From The Quarterly, Summer 2012

Alexander Niculescu, III, M.D., Ph.D., and an international team of scientists have identified and prioritized the top genes—from among thousands of potential candidates—that play key roles in the pathology of schizophrenia. This opens the possibility for greater accuracy in the prediction of schizophrenia risk, improved and perhaps earlier diagnoses and the development of more effectively targeted therapeutic interventions.



Announced online on May 15 in the journal Molecular Psychiatry, the authors note that the analysis “is arguably the most comprehensive integration of genetics and functional genomics to date in the field of schizophrenia, yielding a comprehensive view of genes, blood biomarkers, pathways and mechanisms that may underlie the disorder.”



To achieve this, Dr. Niculescu and colleagues used an approach that they pioneered over the years called convergent functional genomics (CFG), which combines data from many different types of studies, including genome-wide association studies, genetic linkage studies and gene expression data from human tissue samples and animal models.

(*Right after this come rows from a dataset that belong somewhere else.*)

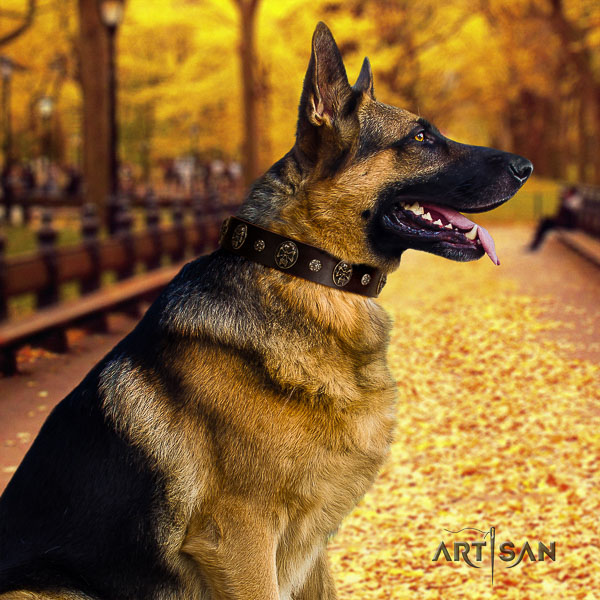 German-Shepherd Dog unusual decorated full grain genuine leather dog collar for handy use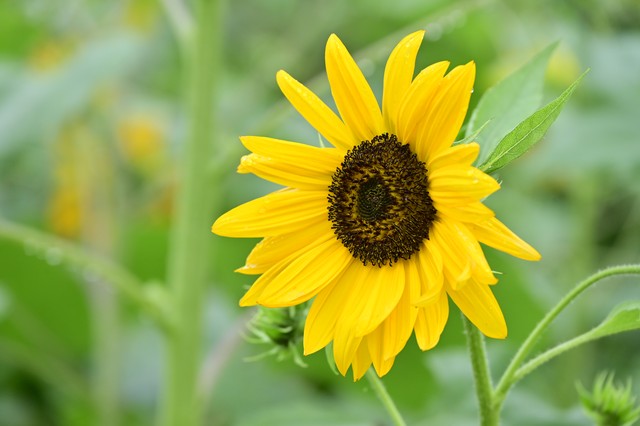 寒柏直播截图预览2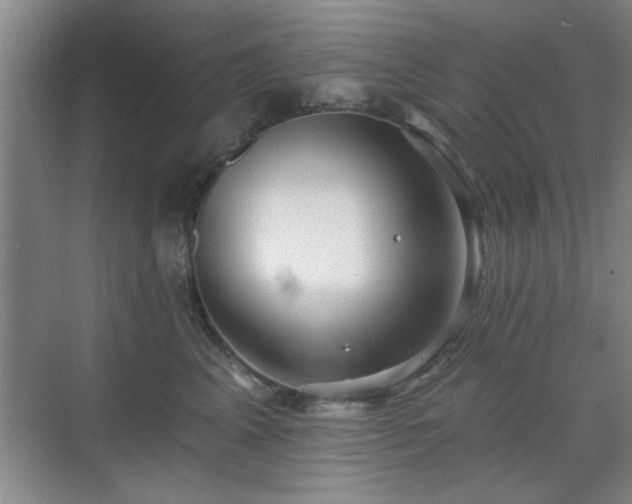 X0000070360617200606121211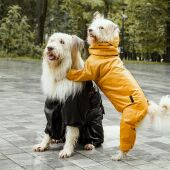 Dos perros vestidos con chubasqueros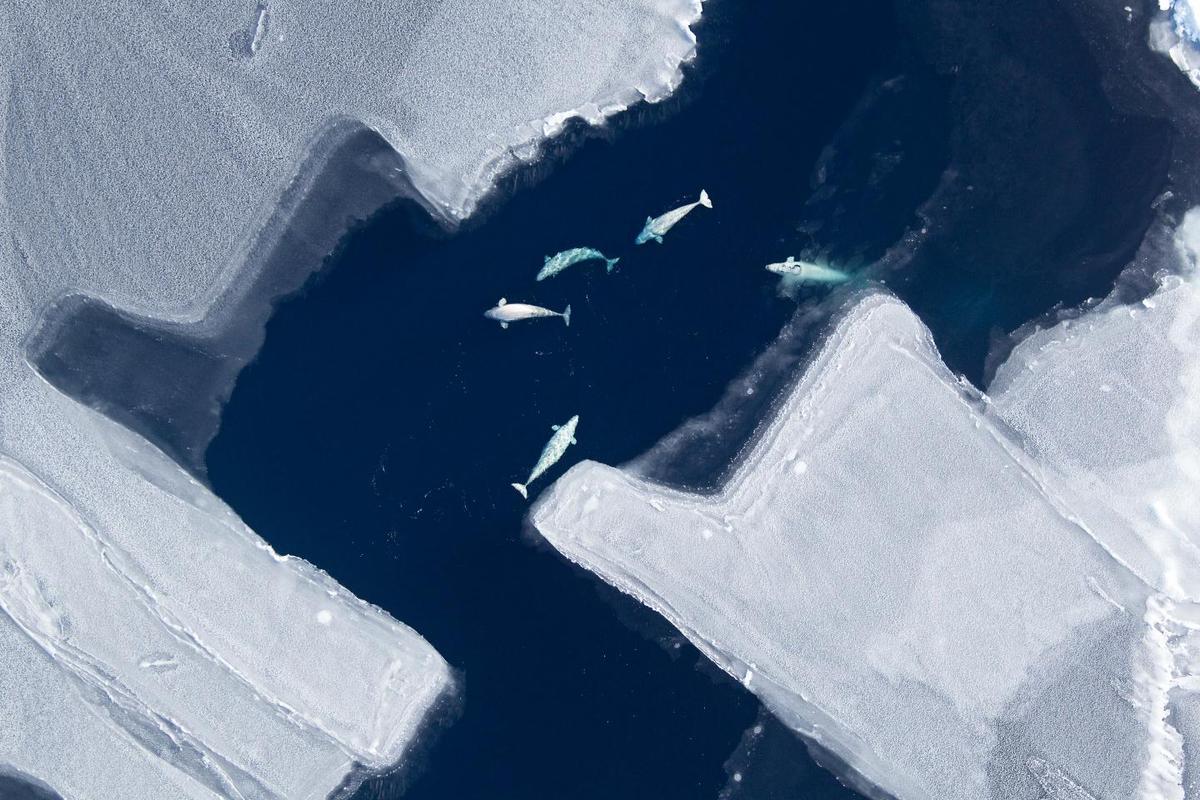 Melting Arctic sea ice is changing whale migration patterns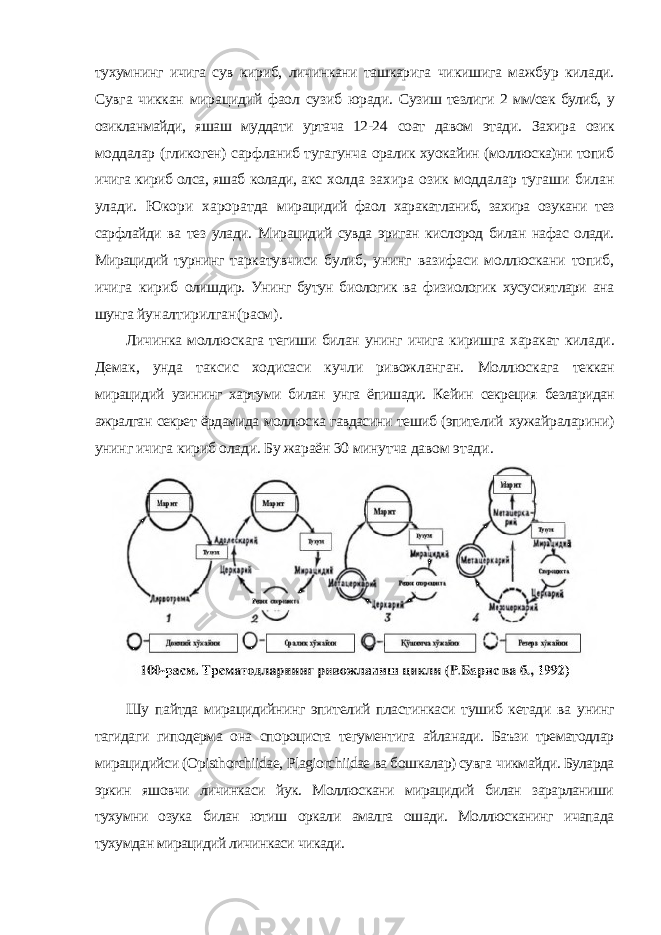 тухумнинг ичига сув кириб, личинкани ташкарига чикишига мажбур килади. Сувга чиккан мирацидий фаол сузиб юради. Сузиш тезлиги 2 мм/сек булиб, у озикланмайди, яшаш муддати уртача 12-24 соат давом этади. Захира озик моддалар (гликоген) сарфланиб тугагунча оралик хуокайин (моллюска)ни топиб ичига кириб олса, яшаб колади, акс холда захира озик моддалар тугаши билан улади. Юкори хароратда мирацидий фаол харакатланиб, захира озукани тез сарфлайди ва тез улади. Мирацидий сувда эриган кислород билан нафас олади. Мирацидий турнинг таркатувчиси булиб, унинг вазифаси моллюскани топиб, ичига кириб олишдир. Унинг бутун биологик ва физиологик хусусиятлари ана шунга йуналтирилган(расм). Личинка моллюскага тегиши билан унинг ичига киришга харакат килади. Демак, унда таксис ходисаси кучли ривожланган. Моллюскага теккан мирацидий узининг хартуми билан унга ёпишади. Кейин секреция безларидан ажралган секрет ёрдамида моллюска гавдасини тешиб (эпителий хужайраларини) унинг ичига кириб олади. Бу жараён 30 минутча давом этади. Шу пайтда мирацидийнинг эпителий пластинкаси тушиб кетади ва унинг тагидаги гиподерма она спороциста тегументига айланади. Баъзи трематодлар мирацидийси ( Opisthorchiidae , Plagiorchiidae ва бошкалар) сувга чикмайди. Буларда эркин яшовчи личинкаси йук. Моллюскани мирацидий билан зарарланиши тухумни озука билан ютиш оркали амалга ошади. Моллюсканинг ичапада тухумдан мирацидий личинкаси чикади. 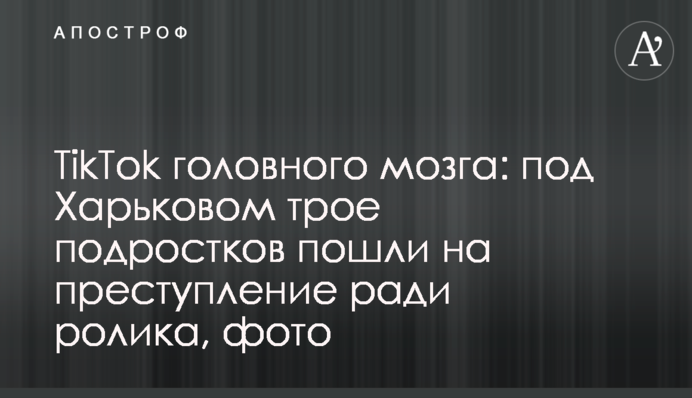 TikTok головного мозга: под Харьковом трое подростков пошли на преступление ради ролика, фото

The researchers began their search by casting ‘a wide net,’ generating an initial list of 3,194 different genes that in previous studies had shown some evidence of association with schizophrenia. Evidence leaned heavily on the presence of particular variations in DNA sequences in the genes of schizophrenia patients. Such variations are called single nucleotide polymorphisms, or SNPs (pronounced ‘snips’). Using an ascending scoring scale based on CFG, the team pinpointed 186 genes with a score of 3 or above; 42 with a score of 4 or above; and, at the top of the list, four genes with a score of 5, among them the Disrupted-in-Schizophrenia 1 (DISC1) gene, known to influence neuronal development and neuronal connectivity.



"At its core, schizophrenia is a disease of decreased cellular connectivity in the brain, precipitated by environmental stress during brain development among individuals with genetic vulnerability,” explains Dr. Niculescu, Associate Professor of Psychiatry and Medical Neuroscience at the Indiana University School of Medicine and Director of the Laboratory of Neurophenomics at the university’s Institute of Psychiatric Research, the principal investigator for the study.



Dr. Niculescu’s team, along with colleagues from the Washington, D.C. VA Medical Center; Trinity College, Dublin; the University of California, San Diego; Scripps Research Institute; and Cardiff University, UK; went on to show how these top genes can be used to generate a genetic risk prediction score to aid in the diagnosis of schizophrenia, based on the presence or absence of SNPs associated with the illness. Finally, they compared the top candidate genes for schizophrenia with top candidate genes for bipolar disorder and anxiety disorders and found a significant genetic overlap.

 

Dr. Niculescu expressed the hope that “by better understanding the genetic and biological basis of the illness, we can develop better tests as well as better treatments.”